*DATA TO USE*.
• • • • •
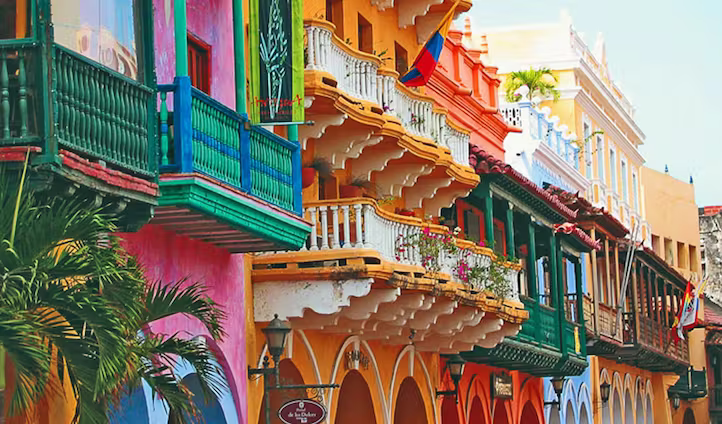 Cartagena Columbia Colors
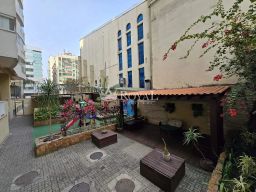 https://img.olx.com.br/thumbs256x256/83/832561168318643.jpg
• • • • •
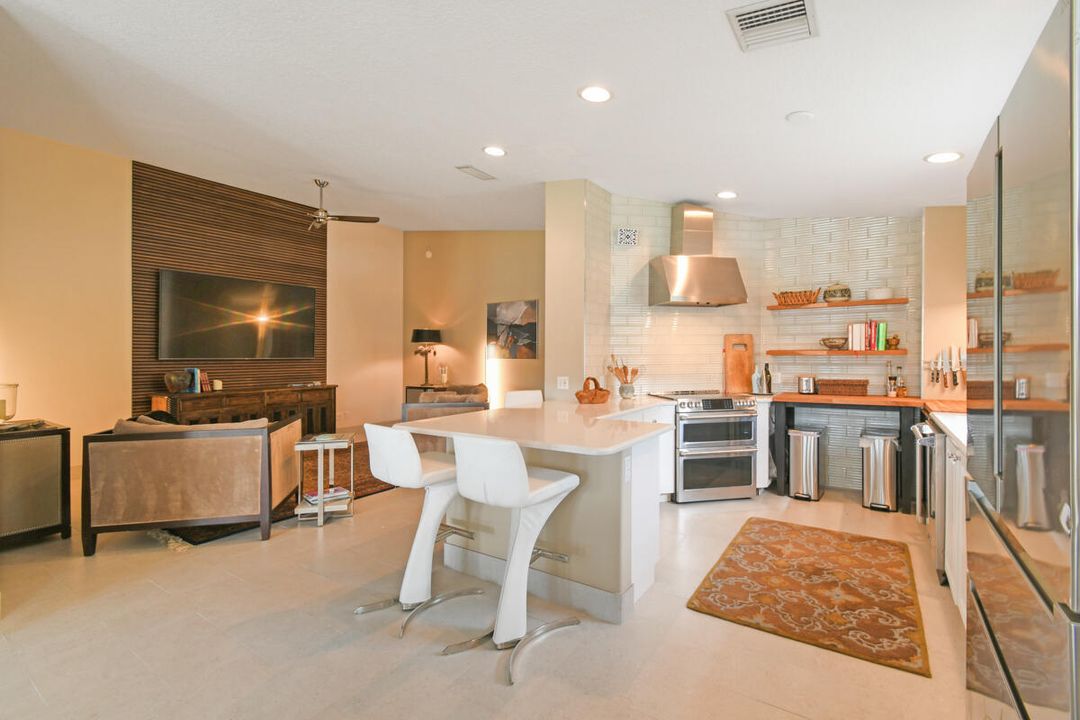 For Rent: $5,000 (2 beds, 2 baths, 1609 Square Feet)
• • • • •
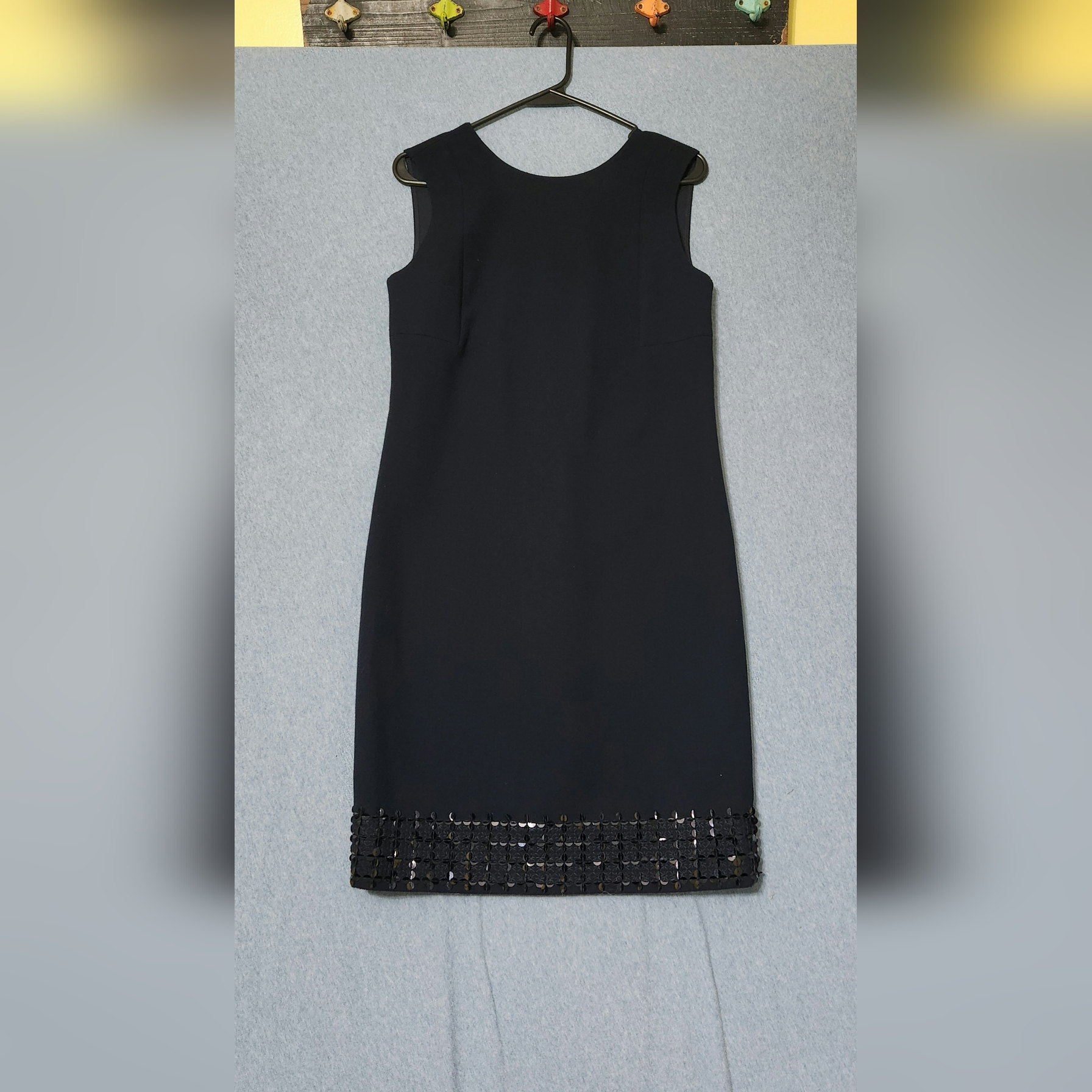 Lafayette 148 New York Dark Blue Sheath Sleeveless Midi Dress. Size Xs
• • • • •
*EXERCISE REQUIREMENTS*. Keep to the lines above from the line with "Cartagena Columbia Colors" to the line with "https://img.olx.com.br/thumbs256x256/83/832561168318643.jpg", and set down exactly those, inclusive, with nothing else and every picture left out.

*RESULT*.
 Cartagena Columbia Colors
 https://img.olx.com.br/thumbs256x256/83/832561168318643.jpg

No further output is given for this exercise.